España nunca tuvo un Renacimiento o un Barroco, ni siquiera una Baja Edad Media. Todas esas épocas se concretan en un continuo, en una coherencia cultural que empieza en el siglo XIV y llega hasta principios del XVIII, coincidiendo con el cambio de dinastía. Semejante coherencia nos hizo escribir, pintar, investigar y vivir de manera distinta al resto de Europa. Y no por motivos de raza, de lengua o de religión, sino porque fue durante esos cuatro siglos cuando existió un pensamiento genuinamente hispánico.
Nuestra gran aportación al mundo se llama desengaño. Su raíces hay que buscarlas en el estoicismo grecolatino y en la escolástica medieval; su granazón, en los ocho siglos de guerra que hizo al peninsular enemigo de elucubraciones idealistas. Se ha querido encorsetar el desengaño en la mirada barroca, pero está presente mucho antes en el humor del Arcipreste, en el cinismo de Celestina, en la ambigüedad de Lázaro y en la locura de Don Quijote. El desengaño es la gran enseña de la literatura hispánica y también la causa de que esta invente, no solo la novela moderna, sino el pensamiento europeo. Sin nuestro desengaño no se entienden los Essais ni la duda metódica.
Pero el desengaño es mucho más que literatura o filosofía; el desengaño es una actitud: la que adquiere ante la sociedad y la propia existencia quien logra salir del engaño en el que vive. El engaño lo producen las apariencias, que a su vez son gestadas por las emociones, tan valoradas hoy día. De hecho, el desengañado es racional y materialista, y dedica toda su vida a discernir la verdad de la ensoñación y la sinceridad del artificio. El que consigue abandonar la mentira es capaz de vivir sin esperar recompensa alguna y sin temer las consecuencias de sus acciones. «Nec spe, nec metu» es la máxima que el mismísimo Felipe II inscribe en su escudo de armas.

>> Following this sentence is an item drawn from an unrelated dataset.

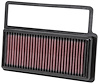 High Performance OE-Replacement Air Filter 2008-2016 Fiat 500/Doblo - image 1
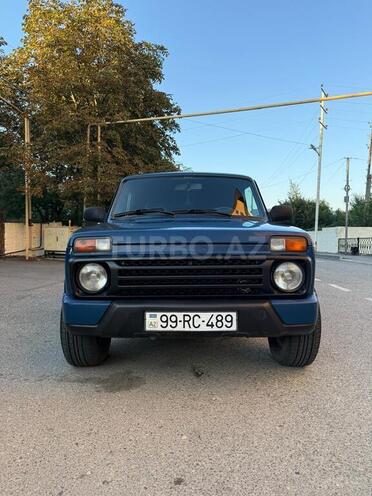 LADA (VAZ) Niva 2015, 218,000 km - 1.7 л - Qusar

Siempre que he tratado de «desengañar» a mis alumnos de Literatura, observo la misma reacción de desconcierto. Sé que para ellos (y para mí) resulta casi imposible asimilar que hubo una época y una sociedad en que dejarse llevar por los sentimientos no estaba bien considerado, y que vivir pensando en el futuro era signo de profunda estupidez. Los tiempos que corren son muy diferentes, lo cual explica que nuestros clásicos sean difíciles de comprender.
Aun así, este curso que empieza volveré a intentarlo.